DATA:

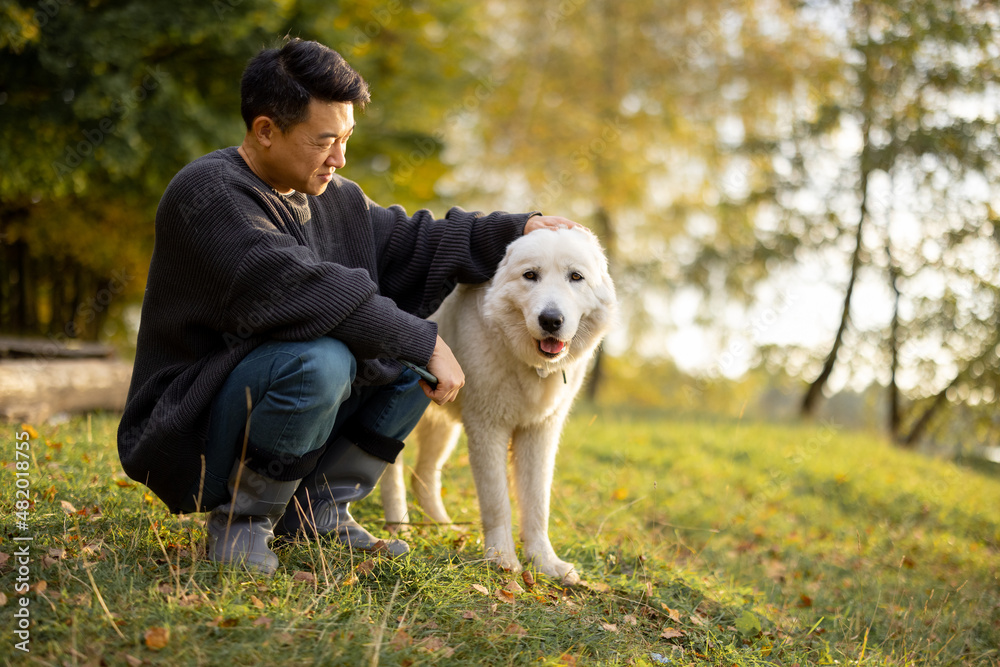 一个快乐的亚洲男人坐着，抚摸着他的Maremmano Abruzzese牧羊犬，看着大自然。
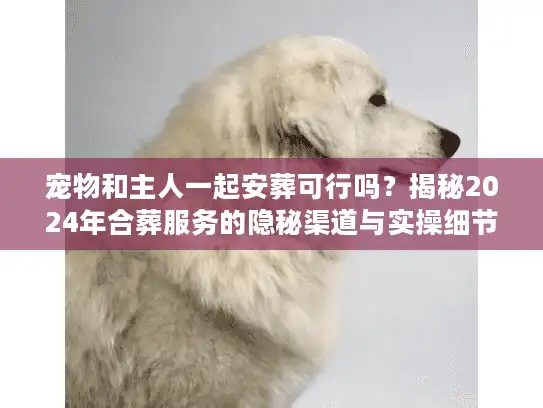 宠物和主人一起安葬可行吗？揭秘2024年合葬服务的隐秘渠道与实操细节
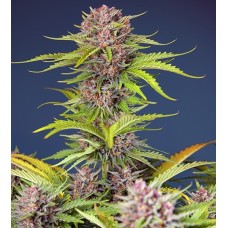 Mimosa Bruce Banner XL Auto Feminised Seeds Mimosa Bruce Banner XL Auto Feminised Seeds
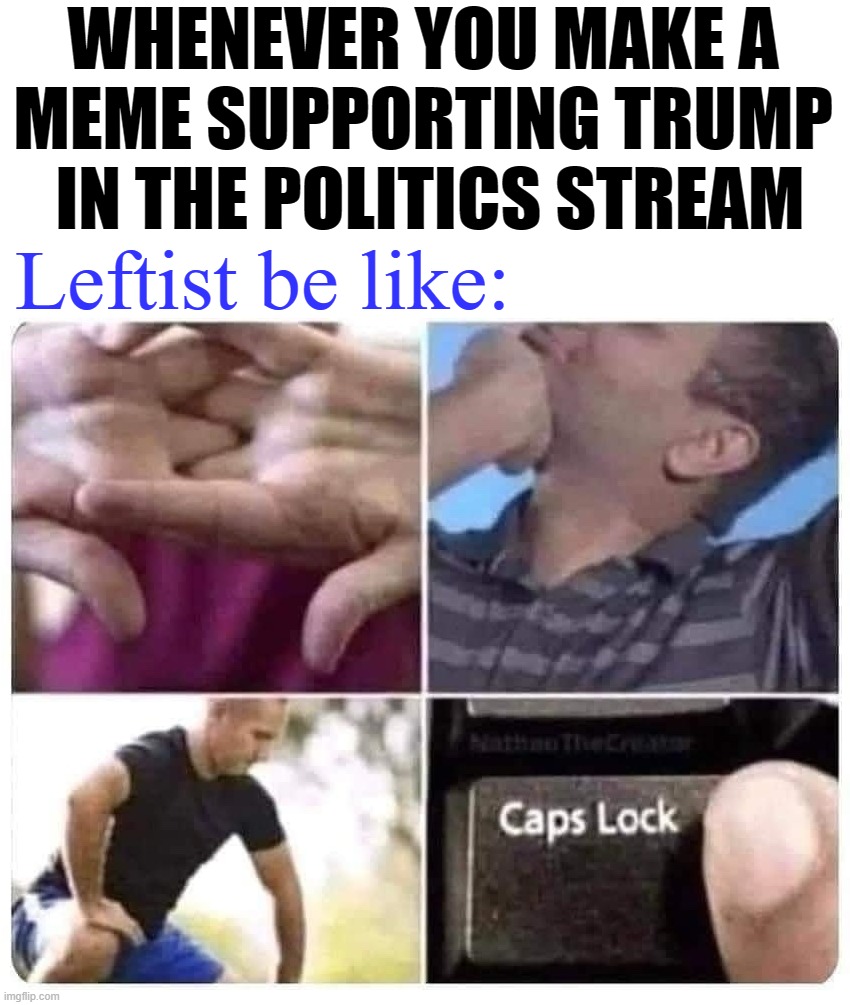 Leftists got to hate | WHENEVER YOU MAKE A 
MEME SUPPORTING TRUMP 
IN THE POLITICS STREAM; Leftist be like: | image tagged in politics | made w/ Imgflip meme maker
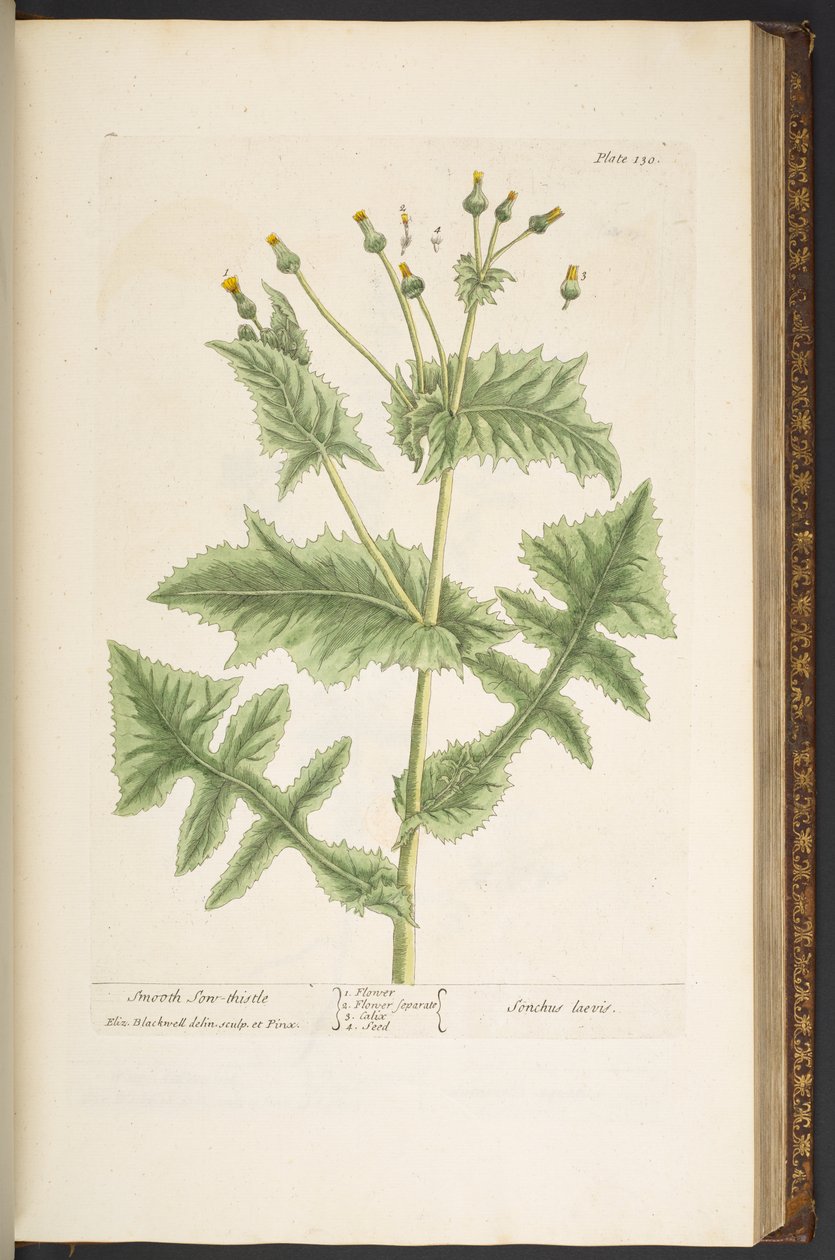 Placa 130, Smooth Son-Thistle, de 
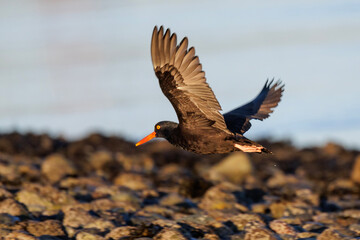 Black oystercatcher bird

WHAT YOU WILL DO: Everything in the data except the pictures must appear in your answer unchanged.

ANSWER SECTION:
 一个快乐的亚洲男人坐着，抚摸着他的Maremmano Abruzzese牧羊犬，看着大自然。
 宠物和主人一起安葬可行吗？揭秘2024年合葬服务的隐秘渠道与实操细节
 Mimosa Bruce Banner XL Auto Feminised Seeds Mimosa Bruce Banner XL Auto Feminised Seeds
 Leftists got to hate | WHENEVER YOU MAKE A 
MEME SUPPORTING TRUMP 
IN THE POLITICS STREAM; Leftist be like: | image tagged in politics | made w/ Imgflip meme maker
 Placa 130, Smooth Son-Thistle, de 
 Black oystercatcher bird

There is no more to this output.